Ну как, например, оставить без роли Фирса Бориса Иванова — изумительного актера, который прошел через войну, ранение, потерю близких и столько знает про смерть, преданность или безропотную любовь. Или — без роли Гаева — Евгения Стеблова, которого можно было бы назвать специалистом по тонкой душевной организации (начиная от застенчивого максималиста Александра Индустриевича из данелиевского фильма «Я шагаю по Москве» и кончая Гаевым, этим безвольным певцом уходящей натуры). А у Ольги Остроумовой Раневская — лучшая роль из всех мною виденных, хотя на драматургию актрисе вроде жаловаться не приходится (Ануй, Булгаков, недавно был. Флобер). Гордая и счастливая улыбка Валентина Гафта в фойе полностью опровергала расхожий тезис об актерской натуре: если вы сегодня имели успех на сцене, завтра против вас будет вся труппа, включая собственную жену (в данном случае речь идет о муже).
Ее Раневская трезвее и мудрее всех присутствующих, включая удачливого Лопахина (Дмитрий Журавлев), который оторвался от своей среды, но так и не стал частью другой, оставшись в пустоте, более страшной даже, чем несчастья обитателей имения. Ее Раневская готова к катастрофе, потому что осознает ее неизбежность. Единственное, что может ее по-настоящему разбередить, — это вид вишневого сада, вновь зацветающего вопреки всем гибельным морозам, равнодушного к людям, не способным так же распорядиться своей жизнью. Единственное, что ее добьет, — это вырубка сада: гибель символической надежды страшнее любого житейского краха. Вернувшись в этот запущенный дом с мешками никому не нужной вишни живой, сильной, как будто, звенящей от напряжения женщиной, она покинет его почти одеревеневшей старухой. А в промежутке преподает великолепный урок любви и жертвенности, беспощадно объясняя Пете Трофимову (Алексей Шмаринов), что это за бред собачий — быть выше любви.

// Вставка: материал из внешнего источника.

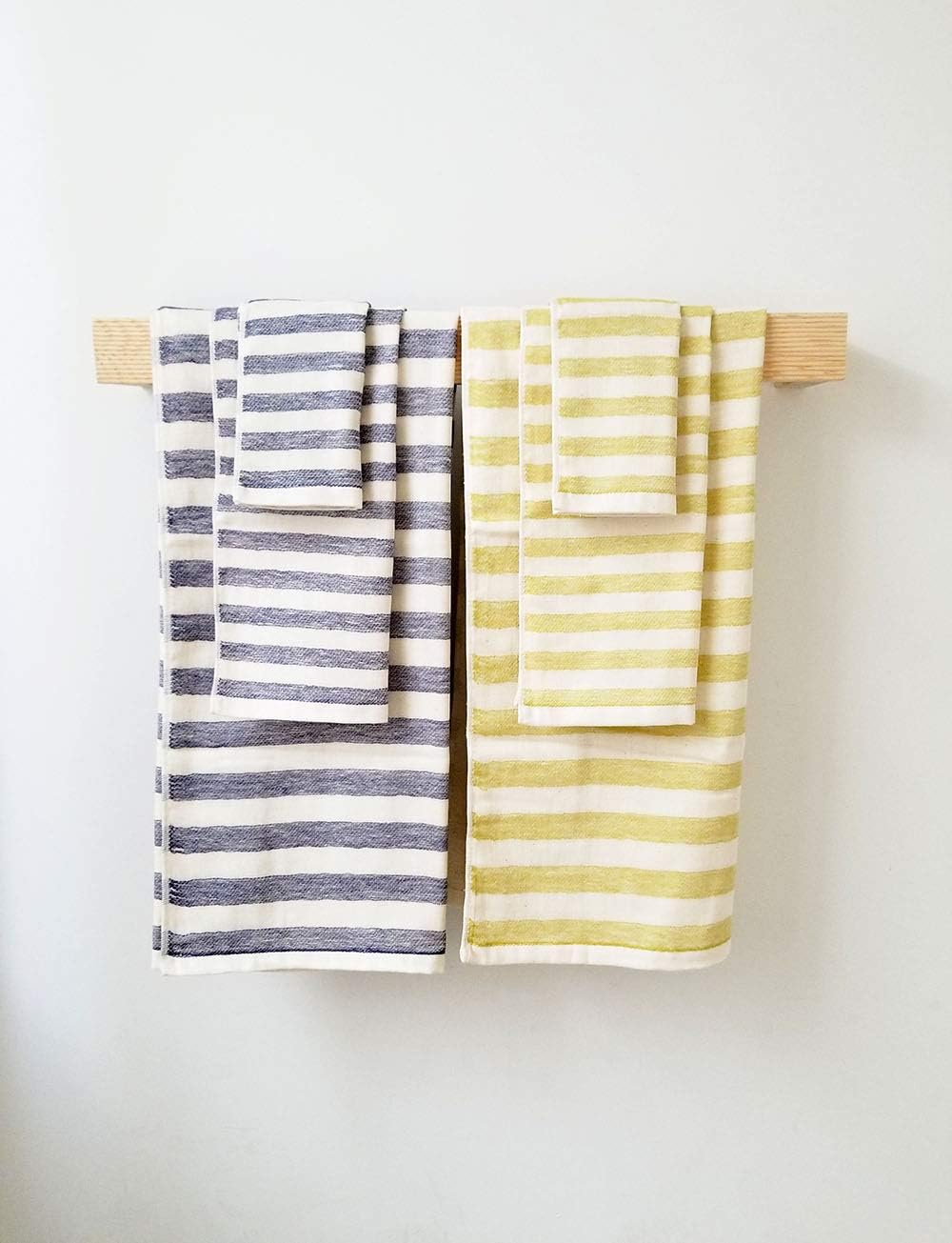 IPPINKA Japanese Towel - Ultra Soft and Quick-Drying - Stripes - Navy Blue - Set of 3 Towels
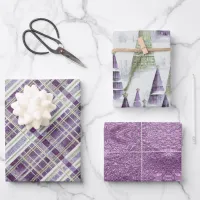 Purple Green Christmas Patterns #2#8#32  ID1009 Wrapping Paper Sheets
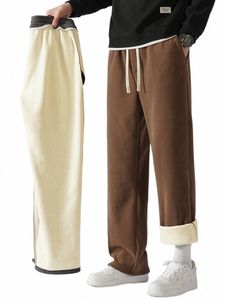 2024 Nouveau hiver pantalons de survêtement pour hommes 450G épais chaud polaire pantalon de survêtement droit mâle pantalon thermique en vrac grande taille 309I #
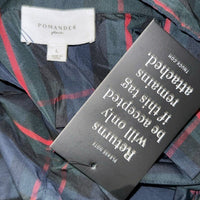 Pomander Place NEW Fraser Navy Plaid Ashlen Peplum Long Sleeve Blouse Top Size L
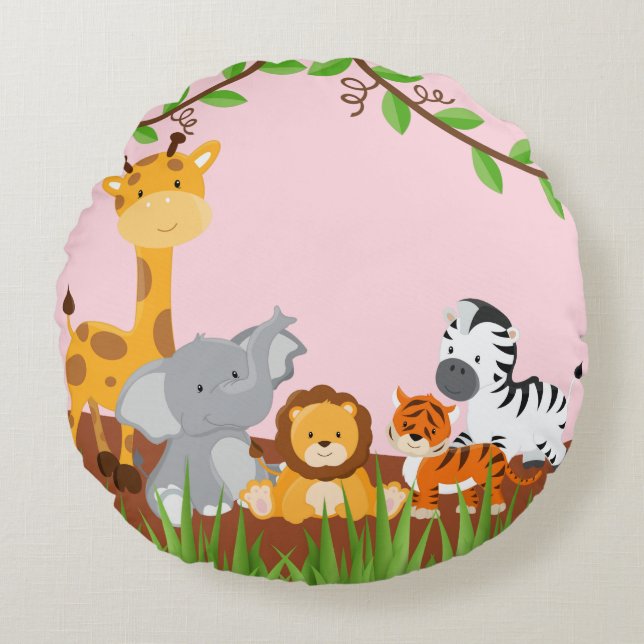 Pink Cute Jungle Baby Animals Round Pillow (Front)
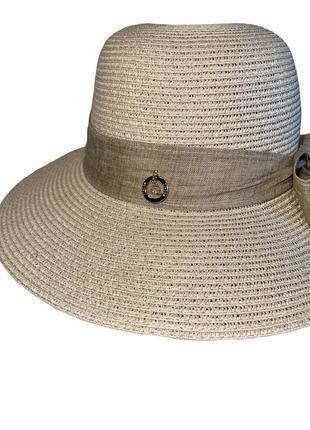 Романтичний капелюх сонцезахисний кремовий з гарним бантом4 фото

Леонид Хейфец продемонстрировал пример актерского театра — не в том смысле, что актерам позволено напропалую премьерствовать, а в том смысле, что им удобно в ролях, как в разношенных любимых свитерах (чего, кстати, не скажешь о реальных костюмах — они довольно безвкусны). Режиссура не производит впечатления жесткой, до микрона выстроенной формы. «Сад», напротив, текуч, как поток воды, где могут оказаться и пронзительные откровения, и скука. Он очень уязвим. Так, скажем, смешная возня живой собачки на руках Шарлотты Ивановны да звонок мобильника, доступного любому современному Пете Трофимову, могут поставить под угрозу срыва одну из лучших сцен, в которой Раневская и Гаев присаживаются на дорожку перед началом своего медленного угасания. Тем труднее будет им поддерживать этот «Вишневый сад» живым.